Die Zeit im Knast wirkt nach
20 Monate lang saß ein 23-Jähriger aus Hilden im Gefängnis. Im normalen Leben Fuß zu fassen, fällt schwer.
Hilden. Kevin Bergmann (Name von der Redaktion geändert) ist pünktlich. Wenn er eine Aufgabe, ein Ziel, einen Termin hat, dann ist auf den 23-Jährigen Verlass. Mit der Hildener Künstlerin Razeea Lindner hat er an ihrem Beitrag zum Kunstprojekt „Freigang — Kunst im Knast“ im Düsseldorfer Gefängnis Ulmer Höh’ mitgearbeitet. „Das hat mir auf jeden Fall etwas gebracht“, versichert der junge Mann.

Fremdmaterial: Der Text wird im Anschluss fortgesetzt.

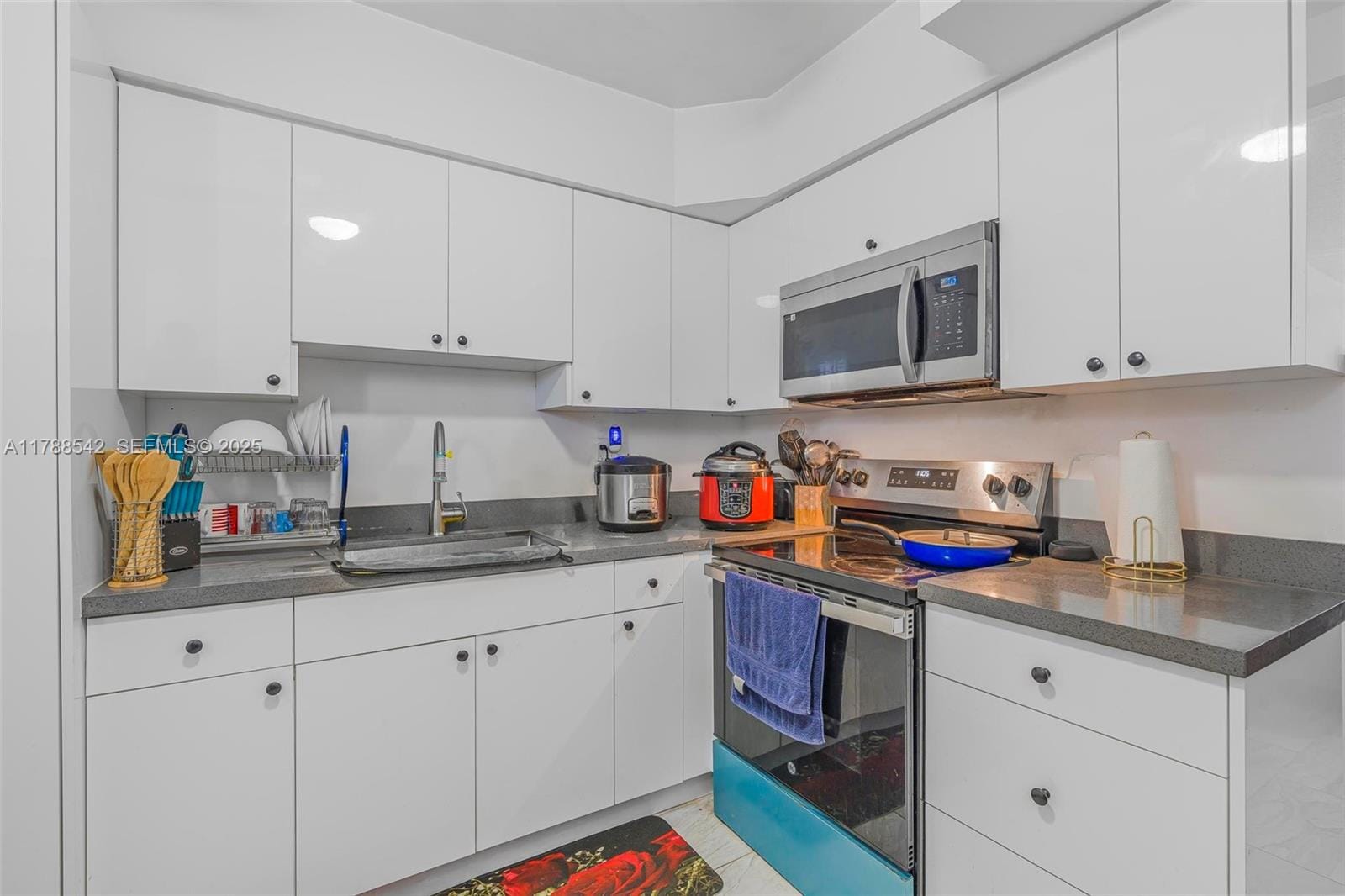 14600 NE 14th Avenue, Miami, FL 33161 photo 9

Und wenn es nur die Notwendigkeit war, morgens aufzustehen.
20 Monate lang saß Bergmann im Gefängnis. Eine Zeit, die immer noch sein Leben bestimmt. Denn Kevin Bergmann hat zwar einen guten Hauptschul-, aber keinen Realschulschulabschluss. Zwei Ausbildungen hat er abgebrochen. Zurzeit lebt er bei seinen Eltern, schläft viel, „verschwendet Zeit“, wie er sagt. 30 Bewerbungen für einen Ausbildungsplatz hat er verschickt. Eine Zusage wäre sein größter Traum.

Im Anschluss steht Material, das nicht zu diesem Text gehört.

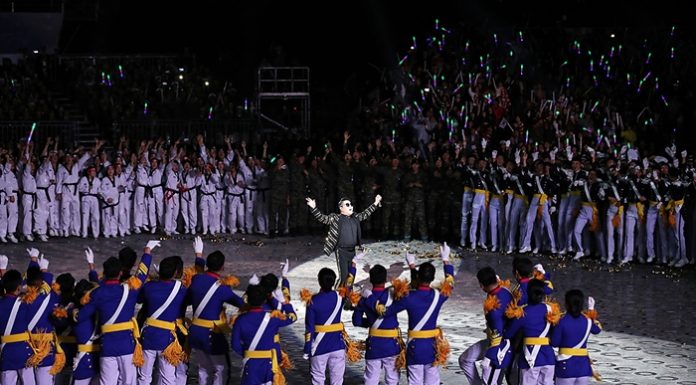 President Moon calls soldiers protagonists of peace on Armed Forces Day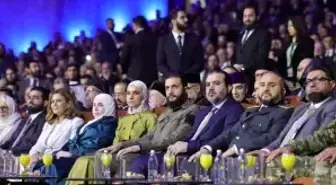 Halep saldırısının sembolü Ümran bebek, Esad'ın kaçtığı Sarayda konuştu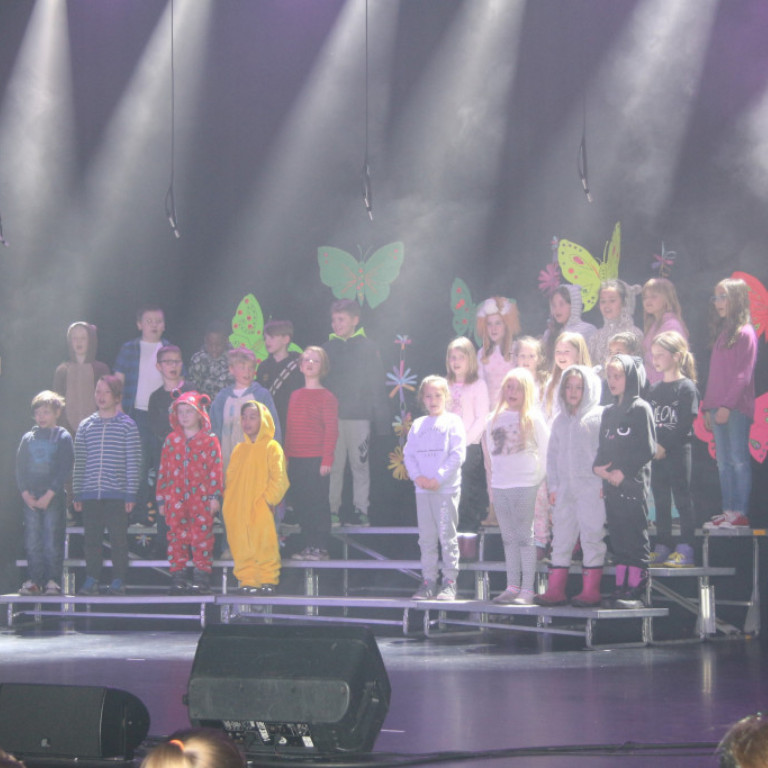 Árshátíðaratriði frá Háaleitisskóla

Dass sein Lebenslauf eine 20 Monate lange Lücke aufweist und sein polizeiliches Führungszeugnis auflistet, dass er wegen Brandstiftung und Bandenkriminalität verurteilt wurde, macht Bewerbungsgespräche schwierig. „Ich habe mit 17 die falschen Leute kennengelernt“, sagt Kevin. „Wir haben mit Diebstählen angefangen, zum Beispiel Lampen von Baustellen gestohlen.“
Dann begann er seine Ausbildung zum Teilezurichter. Der Kontakt zu seinen Freunden brach ab. „Aber irgendwann habe ich sie wiedergetroffen“, sagt er. Als sie ein Feld anzündeten und von der Polizei geschnappt wurden, machte das Gericht sie für weitere Delikte verantwortlich. Kevin wurde zu 20 Monaten Haft verurteilt. Sechs davon verbrachte er in Untersuchungshaft in der Ulmer Höh’.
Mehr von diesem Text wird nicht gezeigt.